Un originale trattato di micologia.
Che cosa io mi aspettassi mai iniziando questa lettura, non saprei dirlo. Anzi no, non è vero, lo so che cosa mi aspettavo, e devo dirlo con sincerità: mi aspettavo una storia romantica; una lettura di qualità ma romantica.Che cosa ho mai trovato? una romanticheria poeticheria davvero insipida e per giunta inutile, del tutto gratuita. Ma il libro gratuito non lo era: quattroerotti euro buttati. Non parla d'amore perché la storia è troppo banalizzata e appiattita. Non parla della formazione dello scrittore perché nulla viene detto di quello che il protagonista ha studiato, si riportano solo spezzoni dei suoi scritti dove di solito c'è un uomo che scrive di un uomo che scrive, per cui il giochino di specchi tende a ripetersi e a stancare molto presto. Non è un vero flusso di coscienza sebbene si tenda a dare un certo rilievo a sogni, visioni e fantasticherie.
Il guaio è che non sono riuscita ad individuare la chiave di lettura di questo coso: è da prendersi seriamente? È da leggere come fiaba? Vuole essere prosa o lirica? Zuppa o pan bagnato?
Ho provato a sottolineare qualche frase per vedere l'effetto che fa. "Oh, l'amore è una notte d'estate con in cielo stelle e profumi sulla terra". Oh, che originalità.

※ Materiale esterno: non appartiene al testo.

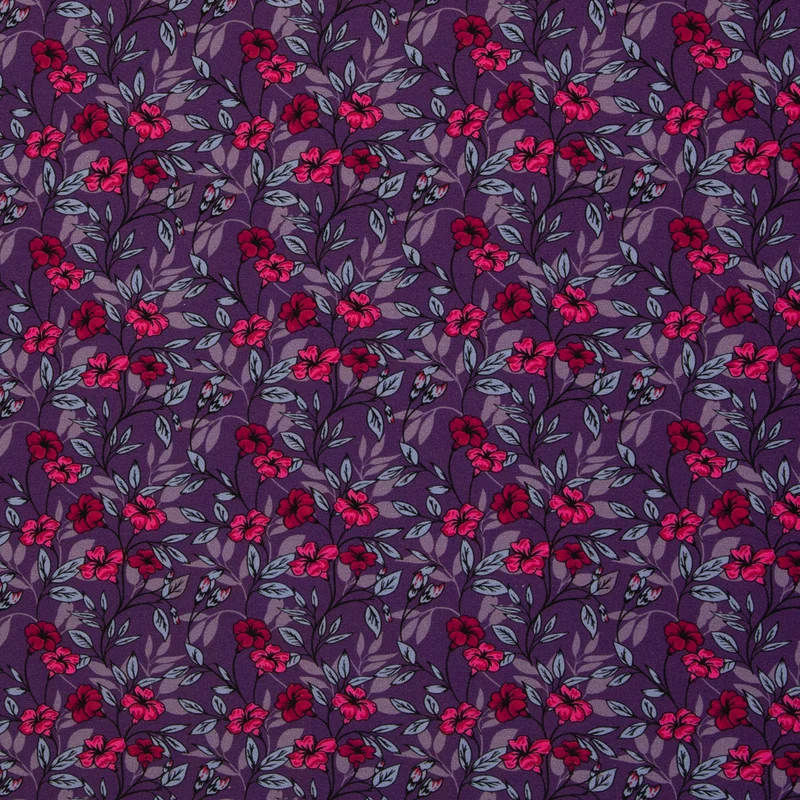 Modal French Terry Kleine Blüten Kairo - 647 pflaume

"Ahimè, l'amore rende il cuore dell'uomo una fungaia, un giardino lussureggiante e insolente dove crescono impudenti funghi misteriosi": le infermiere del reparto di oncologia, l'anno scorso, erano più sincere e candidamente me lo chiamavano "buzzone" o "bognone". Ma in effetti la definizione di "impudente fungo misterioso" mi può tornare buona in più contesti: per indirizzare fungaioli sprovveduti verso il crinale dove crescono le amanite, oppure per darmi un tono quando rientrerò in corsia. Una stella per avermi dato un (uno!) suggerimento valido.